The predominant race in New Zealand is white, with 74 percent of the population being of European descent. The indigenous people of New Zealand, called Maoris, are fairly present, making up 14.9 percent of the population, and immigrant Asians and non-Maori Pacific Islanders collectively make up another 19.2 percent of the population.

Recently, Noble said, there have been increasing tensions between different kinds of people – partially between people of different races and ethnicities and partially between people of different social classes. “The neo-liberal policies of the last 40 years have turned our egalitarian country into one of the most unequal societies in the western world…A country rife with division, distress, poverty, violence and mental illness. Miserable people being told to be angry, hate and blame others for their misery rather than identify and change the structural forces that create the circumstances they suffer.”

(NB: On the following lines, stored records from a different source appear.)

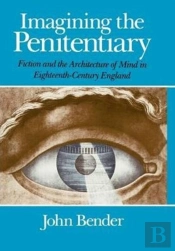 Imagining The Penitentiary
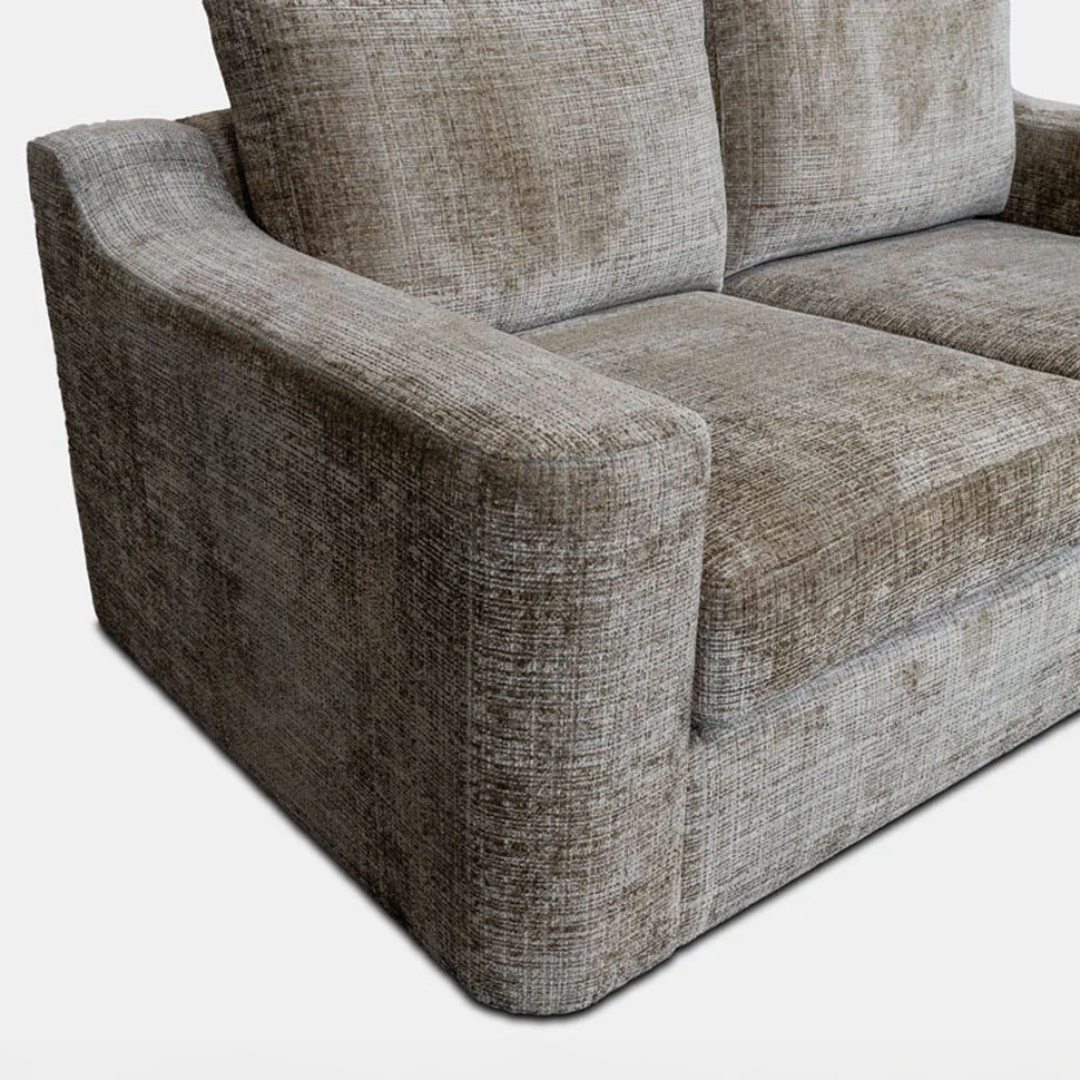 Soma Sofa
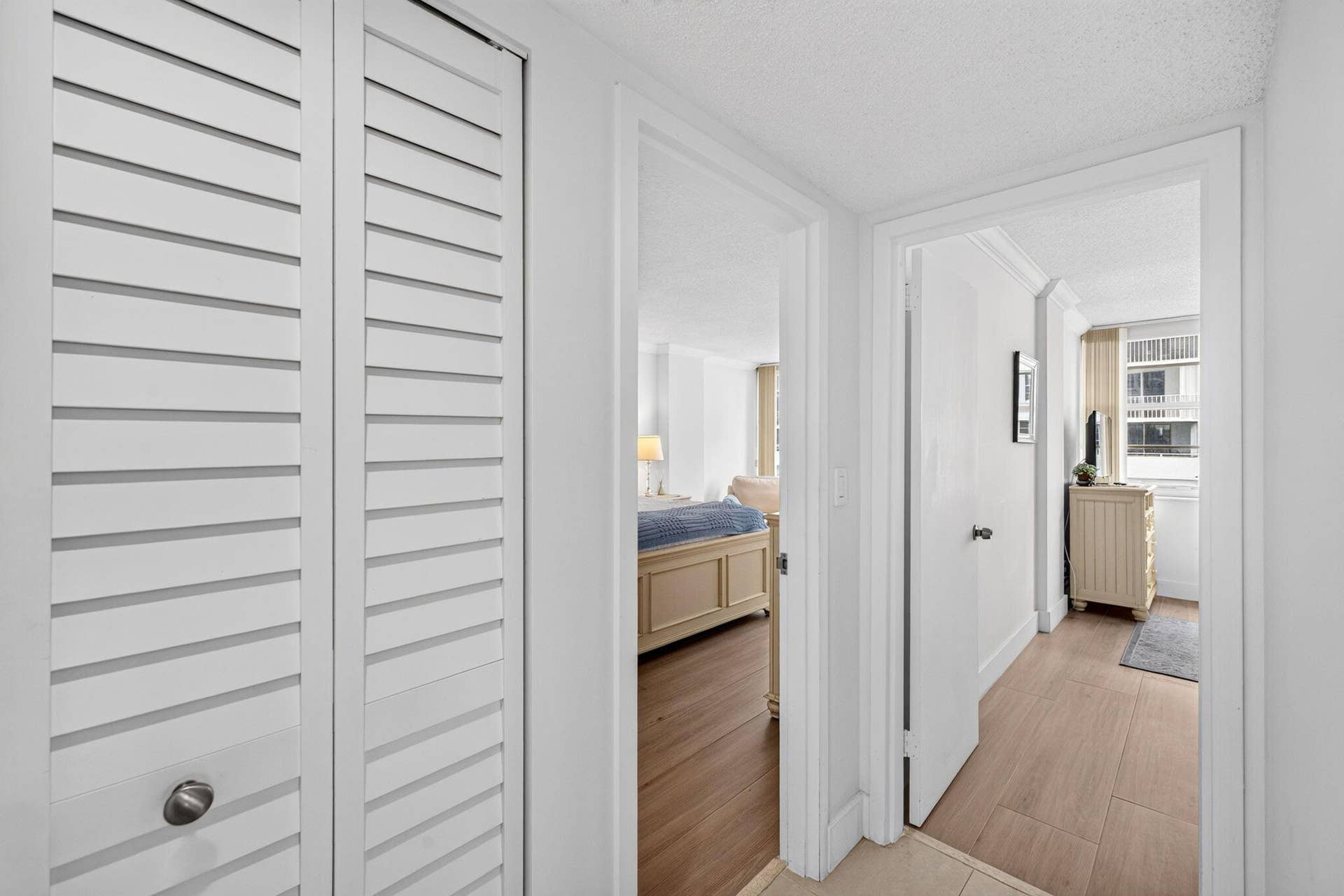1170 N FEDERAL Highway, #512, Fort Lauderdale, FL 33304 28-web-or-mls-699A5444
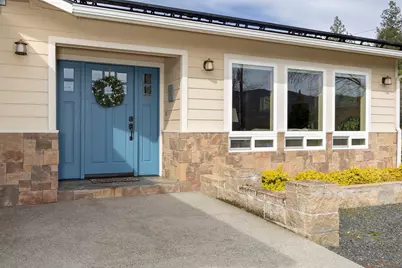 15902 Water Gap Road, Williams, OR 97544 - Photo 4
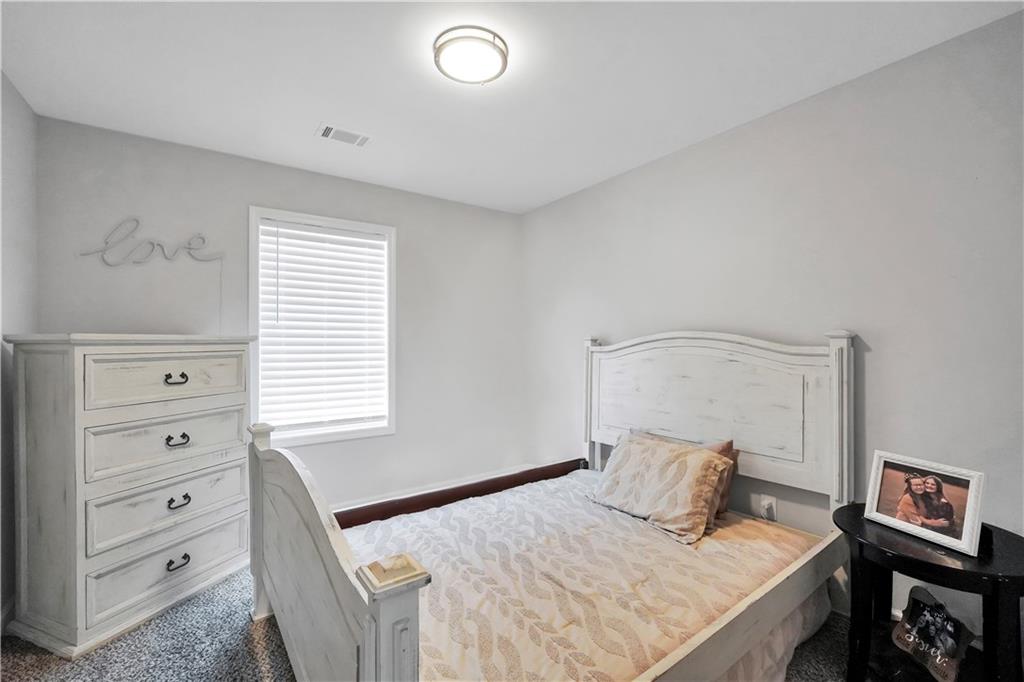 110 Panther Lane, Jackson, Georgia image 34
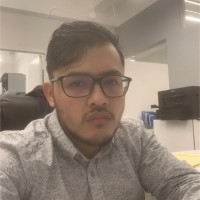 Jmv Consulting Engineering Employee Jose Flores's profile photo
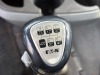 2019 Kenworth T880 6 Axle Log Truck w/Tire Boss - 36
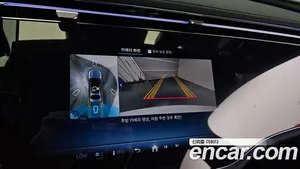 Mercedes-Benz E-Class, 2025 — миниатюра 20
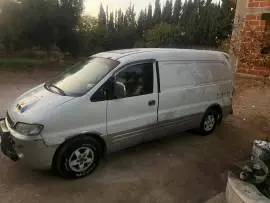 فان ستاركس 2002, RF15656193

Noble says these shifting views, which, to some extent, mirror the views of some Americans, have contributed to an increasing sense of white nationalism, which was Tarrant’s motivation for the attack. And the attack, to some extent, mirrors the attacks that we’ve been experiencing in the U.S. in recent years.

The disparity between New Zealand and the U.S., however, is the way the countries have handled the aftermath of violent attacks. Gun control was at the top of New Zealanders’ minds and agendas after one attack, and they acted immediately. In the U.S., on the other hand, we’ve had numerous mass shootings that haven’t resulted in any real change. Attacks like this one have become almost commonplace in the states, which can make people numb to their effects.

Regardless of political beliefs, it’s safe to say no one wants to see innocent people die. New Zealand did the right thing by jumping into action, and they should serve as a reminder and a role model for the rest of the world.